Kemiskinan pun turun drastis. Data Bank Dunia menunjukkan, bila di tahun 2000 Ethipia menanggung 44% penduduk miskin, kini jumlah warga miskin turun menjadi 30%. Pertumbuhan ekonomi dan berkurangnya kemiskinan tersebut, salah satunya, berkat investasi asing dalam infrastruktur secara signifikan.
Jangan Biarkan Matahari Masuk
Frederic Bastiat, ekonom dan ahli hukum pembela kebebasan asal Prancis pada abad ke 19 telah mengkritik sikap anti asing terkait urusan ekonomi. Dalam Petisi Pembuat Lilin, Bastiat mengecam keras proteksionisme dengan satir para pembuat lilin yang menuntut agar terbit peraturan yang mewajibkan penduduk menutup tirai sepanjang hari.
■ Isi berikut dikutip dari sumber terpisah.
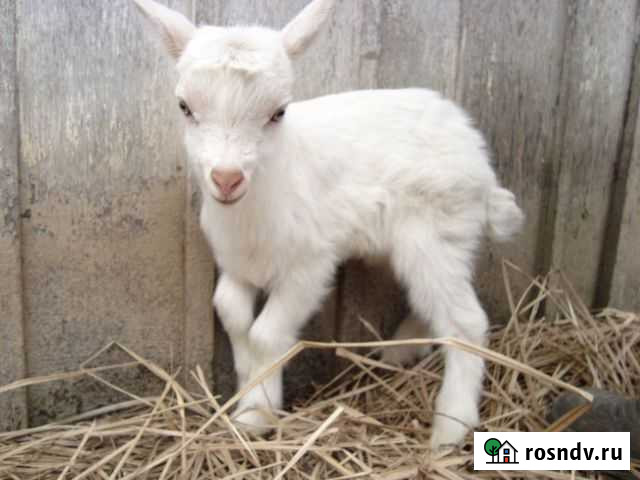 Козы дойные оптом Ишимбай - изображение 1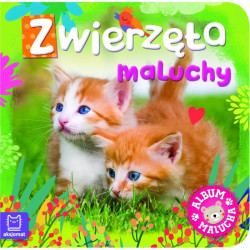 ZWIERZĘTA MALUCHY ALBUM MALUCHA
Tujuannya, agar cahaya matahari tidak masuk ke rumah-rumah penduduk. Dengan demikian, produksi lilin meningkat karena penduduk membutuhkan cahaya dari lilin sebagai pengganti sinar matahari.
Semangat “nasionalisme” dengan menghalangi investasi langsung perusahaan asing, tampaknya gagah. Namun sebenarnya, cara itu merugikan rakyat banyak. Rakyat banyak senyatanya ialah para konsumen. Jumlah konsumen selalu lebih banyak dari produsen. Bila produsen lebih banyak dari konsumen maka hasil produksi barang/jasa menjadi gratis karena tidak punya nilai tambah untuk diperdagangkan.
Konsumen pantas mendapat pilihan harga dan kualitas produk terbaik. Dari manapun dan oleh siapapun produk tersebut dibuat. Persaingan antar perusahaanlah yang membuat konsumen mendapat produk terbaik. Baik dari pilihan harga maupun kualitas.
Proteksi hanya akan membuat perusahaan tidak kompetitif. Mereka tidak akan menanggung risiko kerugian. Melindungi perusahaan domestik juga akan menghambat inovasi. Mereka tidak akan mendapat insentif bila tidak melakukan inovasi. Ujung-ujungnya, konsumen yang merugi. Mereka tidak akan mendapat pilihan harga dan kualitas atas sebuah produk.
Dalam konteks revisi DNI, wajar bila penolakan muncul dari pengusaha lokal. Mereka adalah perwujudan pembuat lilin dalam satir Bastiat. Namun, cukup mengenaskan bila resistensi timbul dari masyarakat seperti yang tercermin dalam survei CSIS.
Bila perusahaan itu menanamkan investasi secara langsung di Indonesia, tentu potensi keuntungan buat konsumen Indonesia lebih besar. Ongkos distribusi bisa lebih murah. Kesempatan alih pengetahuan dan pembukaan lapangan kerja menjadi lebih besar.
Kasus Ethiopia menunjukkan manfaat investasi asing bagi perekonomian nasional. Studi Tulus Tambunan menunjukkan perusahaan seperti PT. Freeport Indonesia (PT FI) dan Kaltim Prima Coal (KPC) telah menstimulasi kesejahteraan bagi masyarakat sekitar. Mereka ikut membangun infrastruktur, mendirikan sekolah sampai mendirikan institusi kredit mikro bagi komunitas lokal (Tambunan 2011).
Sebagai konsumen, kita semua pantas mendapatkan pilihan kualitas produk dan harga terbaik, rakyat berhak menuntut pemerintah untuk membuka investasi asing seluas mungkin, kecuali yang terkait pertahanan. Bukan malah merugikan diri sendiri dan melindungi pengusaha yang tidak kompetitif dengan bersikap anti asin.